2.    SUMMARY OF SIGNIFICANT ACCOUNTING POLICIES

      BASIS OF ACCOUNTING - The Plan maintains its financial statements on the
      accrual basis of accounting.

      USE OF ESTIMATES - The preparation of financial statements in conformity
      with generally accepted accounting principles requires management to make
      estimates and assumptions that affect the reported amounts of net assets
      and disclosures at the date of the financial statements and the reported
      changes in net assets during the reporting period. Actual results could
      differ from those estimates.

      INVESTMENT VALUATION AND INCOME RECOGNITION - The Plan's investments are
      stated at fair value based on quoted market prices. Loans are carried at
      cost plus accrued interest, which approximates fair value.

      Purchases and sales of securities are recorded on the trade date. Interest
      income is recorded on the accrual basis. Dividends are recorded on the
      ex-dividend date.

      BENEFIT PAYMENTS - Payments are recorded when paid.

                                     -5-
<PAGE>

3.    INVESTMENTS

      The Plan's investments were held by T. Rowe Price Trust Company, the
      trustee, for the year ended December 31, 1998 and in a Master Trust for
      the year ended December 31, 1999 (see Note 6). Investments that represent
      5% or more of the Plan's net assets at December 31, 1998 are as follows:

<TABLE>
<S>                                                              <C>
Sempra Energy common stock:
   Participant-directed                                            $   200
   Nonparticipant-directed                                             734
T. Rowe Price Mutual Funds:
   Equity Index Fund                                                   610
   Personal Strategy Income Fund                                       355
   Personal Strategy Growth Fund                                       288
   New Horizons Fund                                                   286
   International Stock Fund                                            234
   Personal Strategy Balanced Fund                                     212
</TABLE>

      The net appreciation in the fair value of investments is summarized as
      follows for the year ended December 31, 1998:

<TABLE>
<S>                                                              <C>
Sempra Energy common stock                                         $   (12)
Mutual funds                                                            55
                                                                   -------
Total                                                              $    43
                                                                   =======
</TABLE>

4.    TAX STATUS

      The Company has not yet requested from the Internal Revenue Service a
      determination letter stating that the Plan, as designed, is in compliance
      with the applicable requirements of the IRC. The Plan's administrator and
      tax counsel believe that the Plan is designed and operated in accordance
      with the applicable sections of the IRC, and that the underlying trust is
      exempt from taxation under Section 501(a) of the IRC.

5.    PARTICIPANT LOANS

      The Plan permits participants to borrow against the balances in their
      individual accounts within the Master Trust. A participant is limited to
      borrowing a maximum of 50% of the value of his/her account balance or
      $50,000, whichever is less. The minimum amount that can be borrowed is
      $1,000, and the fee charged for processing a loan is paid by the
      participant who takes out the loan. Loans have a maximum repayment period
      of five years. The loans bear interest at 1% above the prime rate, as
      published in the Wall Street Journal, at the time the loan is made.

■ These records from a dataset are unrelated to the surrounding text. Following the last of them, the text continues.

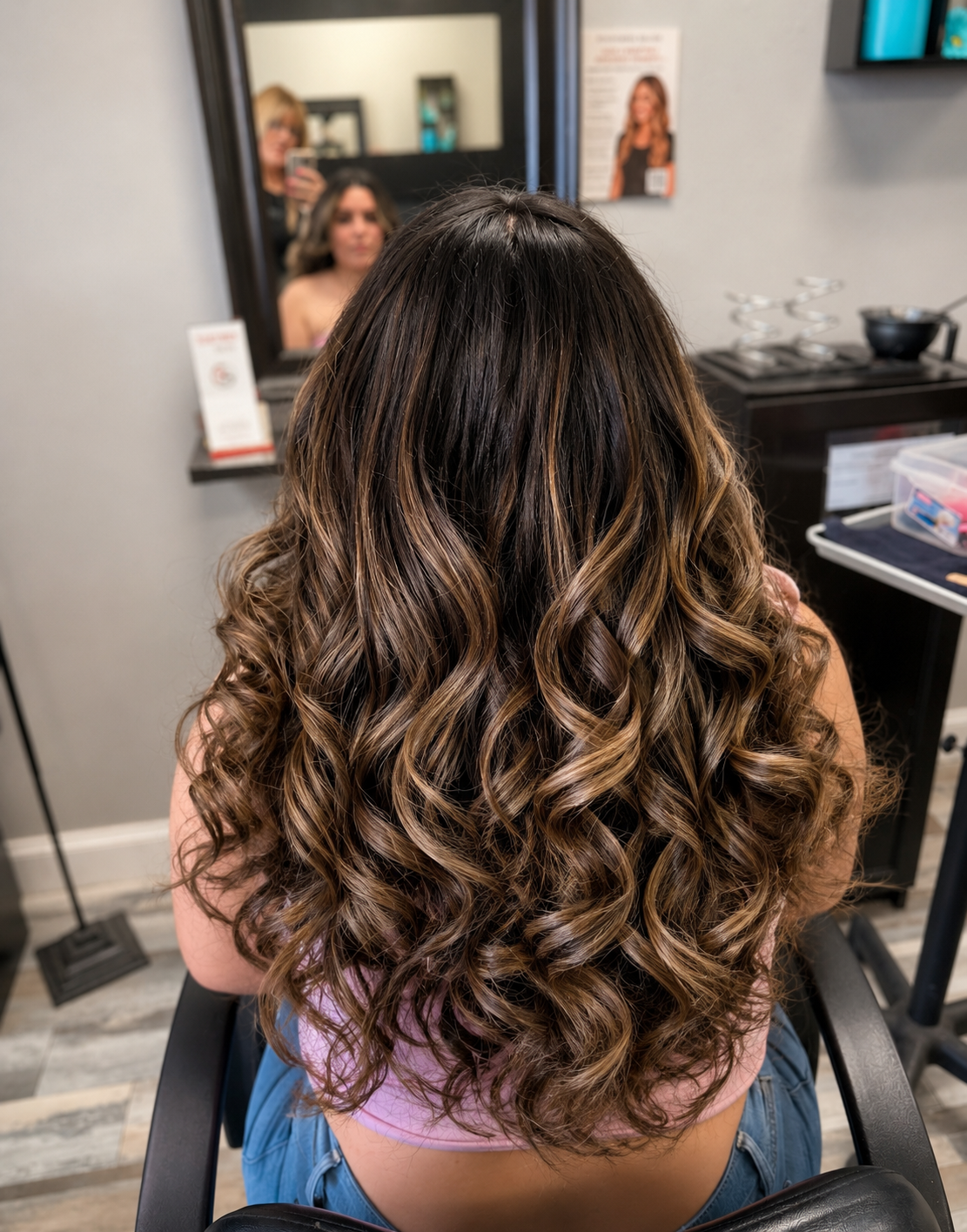 Back of a woman with long, brown, curled hair sitting in a salon chair, facing a mirror.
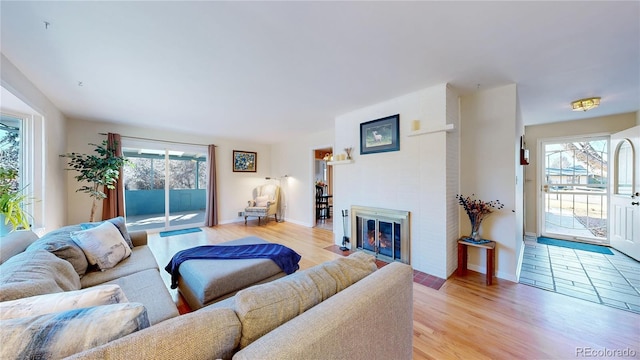 living area featuring a fireplace with flush hearth, light wood-style flooring, and baseboards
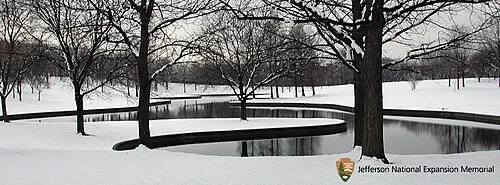 Winter on the Gateway Arch grounds, snow-dusted lawns and bare trees beneath the Arch, a grounds substitute for the food card.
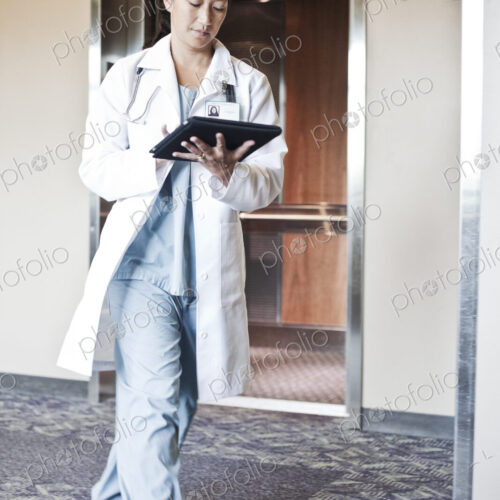 Asian woman doctor walking in a hospital hallway while working on a notebook computer.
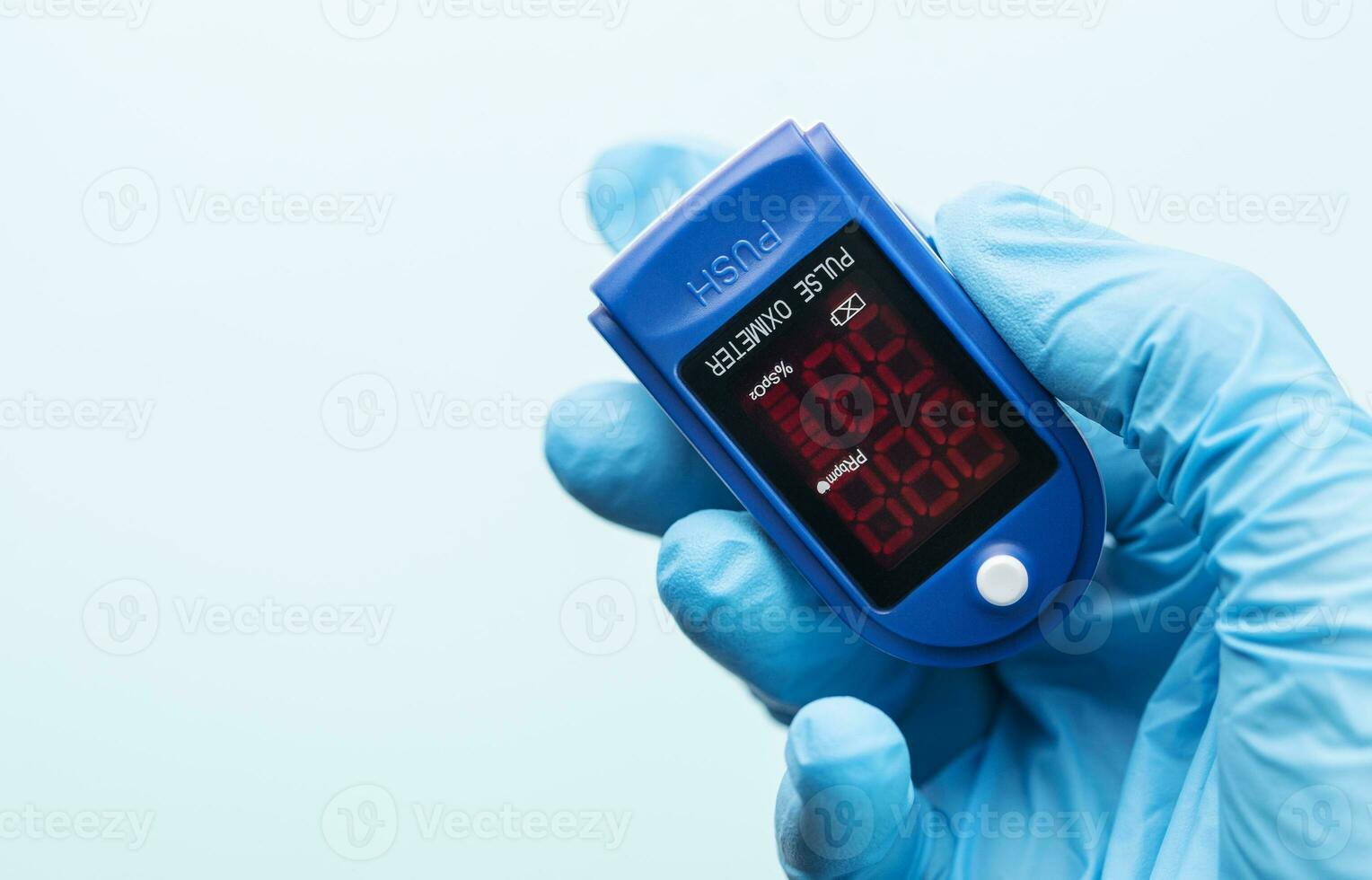 Pulse oximeter in doctor hand photo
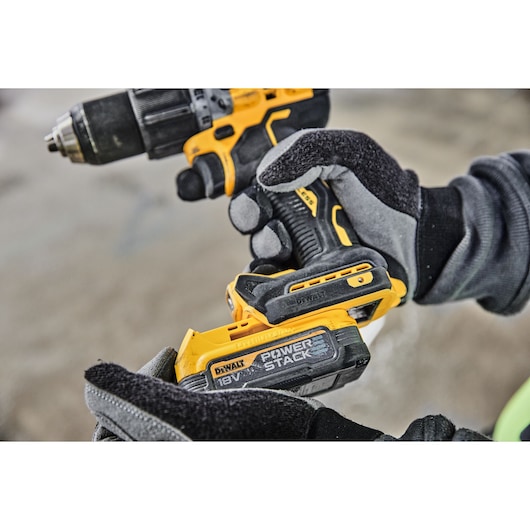Close-up of gloved hands holding a yellow and black DEWALT cordless drill, with visible 18V POWERSTACK battery being attached.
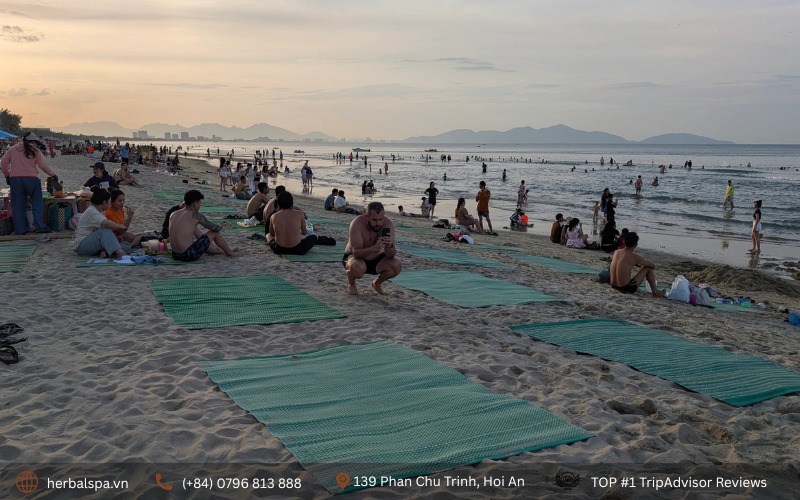 Tourists on An Bang Beach, looking along the coast toward Da Nang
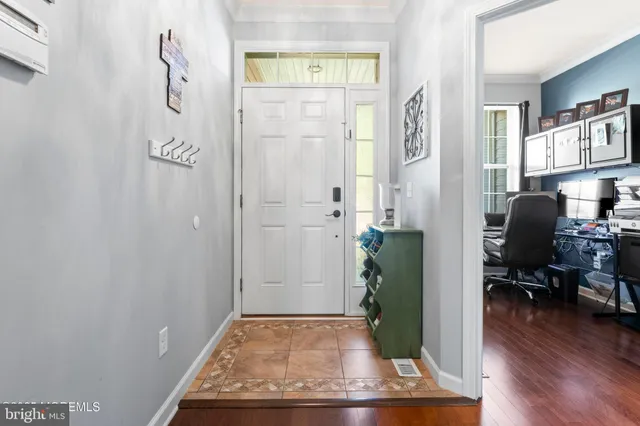 a view of a hallway with wooden floor and a living room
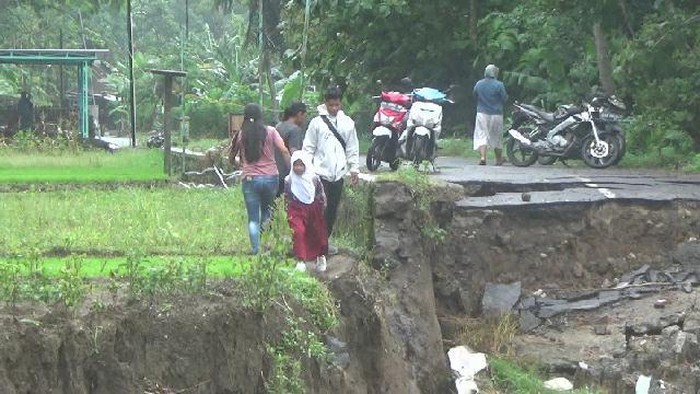 Murid-murid yang harus melewati jalan setapak di sisi utara jalan Kedungmiri yang amblas untuk sekolah. Foto diunggah 28/11/2025).
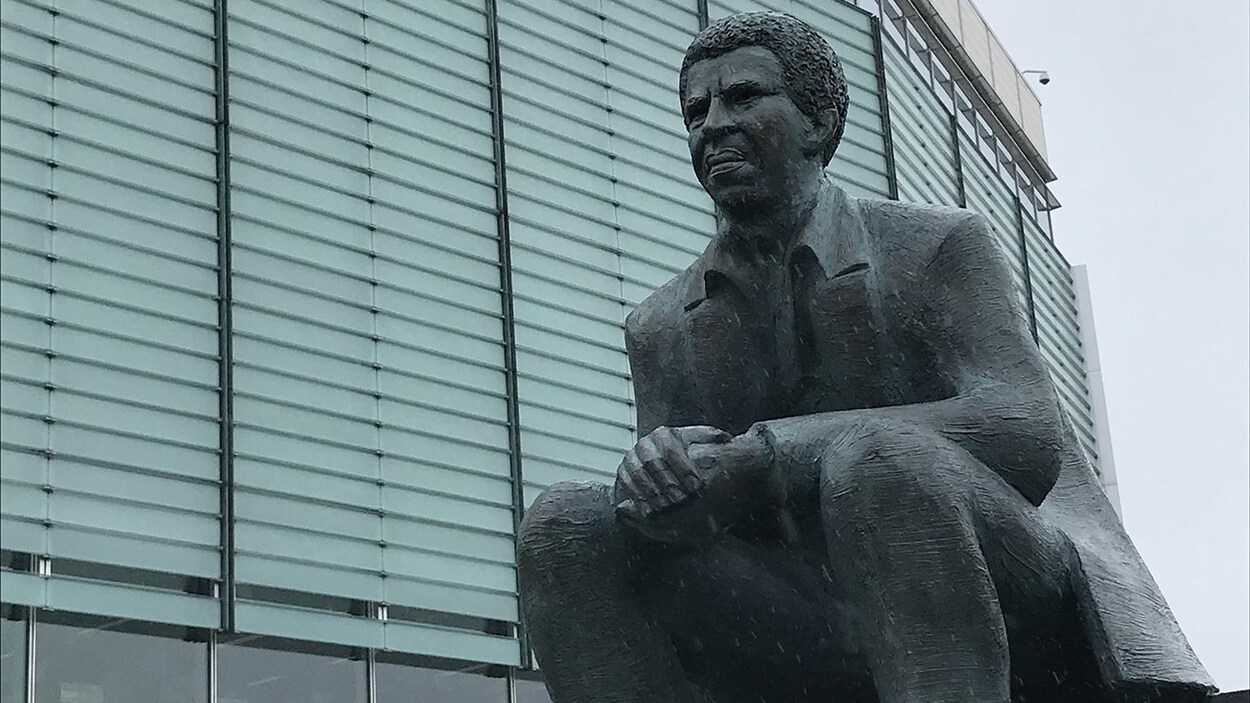 La sculpture montre l'écrivain assis.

6.    INVESTMENTS IN THE MASTER TRUST

      Effective January 1, 1999, the Plan's assets are held in a trust
      account at T. Rowe Price, the trustee of the Plan, and consist of an
      interest in the Sempra Energy Savings Master Trust, (the "Master
      Trust"). Use of the Master Trust permits the commingling of the trust
      assets of two or more similar employee benefit plans sponsored by
      Sempra Energy, for investment and administrative purposes. The Plan has
      an approximate 1% interest in the net assets available for plan
      benefits of the Master Trust at December 31, 1999.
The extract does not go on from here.